What to work on => The lines you return must be all those in the data that hold the string "Stand".

----

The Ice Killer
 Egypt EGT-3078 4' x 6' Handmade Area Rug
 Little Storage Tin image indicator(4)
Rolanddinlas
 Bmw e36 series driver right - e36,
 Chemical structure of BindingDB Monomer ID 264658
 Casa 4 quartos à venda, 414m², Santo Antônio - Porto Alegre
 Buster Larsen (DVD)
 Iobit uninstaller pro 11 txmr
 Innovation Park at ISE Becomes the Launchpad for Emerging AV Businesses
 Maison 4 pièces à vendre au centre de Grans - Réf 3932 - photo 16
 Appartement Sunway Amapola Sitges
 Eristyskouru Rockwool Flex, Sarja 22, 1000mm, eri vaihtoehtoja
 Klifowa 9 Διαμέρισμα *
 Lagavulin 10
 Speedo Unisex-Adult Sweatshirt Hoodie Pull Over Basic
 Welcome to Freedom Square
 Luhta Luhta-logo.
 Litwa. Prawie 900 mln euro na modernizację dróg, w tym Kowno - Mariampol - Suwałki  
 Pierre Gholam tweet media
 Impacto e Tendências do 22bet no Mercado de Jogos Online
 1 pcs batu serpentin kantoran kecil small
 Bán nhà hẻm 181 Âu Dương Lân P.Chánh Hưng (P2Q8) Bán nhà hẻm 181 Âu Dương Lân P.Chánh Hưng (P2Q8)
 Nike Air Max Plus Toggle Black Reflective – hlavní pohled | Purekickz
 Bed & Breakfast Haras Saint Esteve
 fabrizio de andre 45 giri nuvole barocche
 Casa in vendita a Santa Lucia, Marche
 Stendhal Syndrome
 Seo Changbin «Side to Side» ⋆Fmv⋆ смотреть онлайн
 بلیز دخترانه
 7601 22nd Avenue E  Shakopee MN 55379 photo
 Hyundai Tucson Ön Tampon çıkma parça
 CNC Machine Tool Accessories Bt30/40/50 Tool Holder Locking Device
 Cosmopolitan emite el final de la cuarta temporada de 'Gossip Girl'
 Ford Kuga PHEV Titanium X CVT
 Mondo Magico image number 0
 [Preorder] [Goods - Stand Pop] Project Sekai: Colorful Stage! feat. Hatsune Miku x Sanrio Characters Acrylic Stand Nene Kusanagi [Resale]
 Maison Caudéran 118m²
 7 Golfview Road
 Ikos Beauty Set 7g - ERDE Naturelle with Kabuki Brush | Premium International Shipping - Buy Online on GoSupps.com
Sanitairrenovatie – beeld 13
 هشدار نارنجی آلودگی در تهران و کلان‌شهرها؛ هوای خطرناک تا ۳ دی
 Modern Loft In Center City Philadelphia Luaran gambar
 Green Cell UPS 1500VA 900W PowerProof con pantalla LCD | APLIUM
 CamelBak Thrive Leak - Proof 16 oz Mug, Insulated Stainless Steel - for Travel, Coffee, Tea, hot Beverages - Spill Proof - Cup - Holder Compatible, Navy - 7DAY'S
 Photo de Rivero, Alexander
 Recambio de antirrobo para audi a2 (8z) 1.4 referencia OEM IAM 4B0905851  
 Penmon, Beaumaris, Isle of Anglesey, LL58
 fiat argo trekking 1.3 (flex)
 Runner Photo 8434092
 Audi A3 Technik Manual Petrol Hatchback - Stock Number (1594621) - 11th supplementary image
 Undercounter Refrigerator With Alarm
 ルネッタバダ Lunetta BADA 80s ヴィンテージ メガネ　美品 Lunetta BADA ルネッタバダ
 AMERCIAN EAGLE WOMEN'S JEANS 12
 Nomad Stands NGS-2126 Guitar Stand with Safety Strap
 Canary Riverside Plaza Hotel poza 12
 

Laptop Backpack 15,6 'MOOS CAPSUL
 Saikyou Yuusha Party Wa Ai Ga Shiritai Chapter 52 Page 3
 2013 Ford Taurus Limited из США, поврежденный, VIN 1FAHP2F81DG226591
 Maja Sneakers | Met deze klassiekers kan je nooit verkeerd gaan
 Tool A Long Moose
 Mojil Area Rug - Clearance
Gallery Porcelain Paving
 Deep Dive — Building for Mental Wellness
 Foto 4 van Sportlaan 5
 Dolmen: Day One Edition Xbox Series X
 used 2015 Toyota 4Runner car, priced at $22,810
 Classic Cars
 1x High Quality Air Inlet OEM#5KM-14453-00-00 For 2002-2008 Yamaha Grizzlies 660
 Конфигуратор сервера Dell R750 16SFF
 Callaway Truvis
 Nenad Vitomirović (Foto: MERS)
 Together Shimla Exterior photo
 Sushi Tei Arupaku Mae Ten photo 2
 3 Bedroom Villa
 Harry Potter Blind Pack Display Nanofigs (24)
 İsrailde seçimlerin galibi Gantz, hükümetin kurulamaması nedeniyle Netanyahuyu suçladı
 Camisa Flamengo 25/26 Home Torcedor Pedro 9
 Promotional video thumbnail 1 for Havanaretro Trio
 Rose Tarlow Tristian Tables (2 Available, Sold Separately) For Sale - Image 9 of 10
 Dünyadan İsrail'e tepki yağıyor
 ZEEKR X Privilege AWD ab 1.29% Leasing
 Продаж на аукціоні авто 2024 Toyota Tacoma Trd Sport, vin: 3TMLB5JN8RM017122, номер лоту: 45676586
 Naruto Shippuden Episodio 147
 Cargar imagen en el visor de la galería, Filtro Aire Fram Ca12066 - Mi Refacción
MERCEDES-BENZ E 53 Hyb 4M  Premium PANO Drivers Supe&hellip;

----

Result =>
 [Preorder] [Goods - Stand Pop] Project Sekai: Colorful Stage! feat. Hatsune Miku x Sanrio Characters Acrylic Stand Nene Kusanagi [Resale]
 Nomad Stands NGS-2126 Guitar Stand with Safety Strap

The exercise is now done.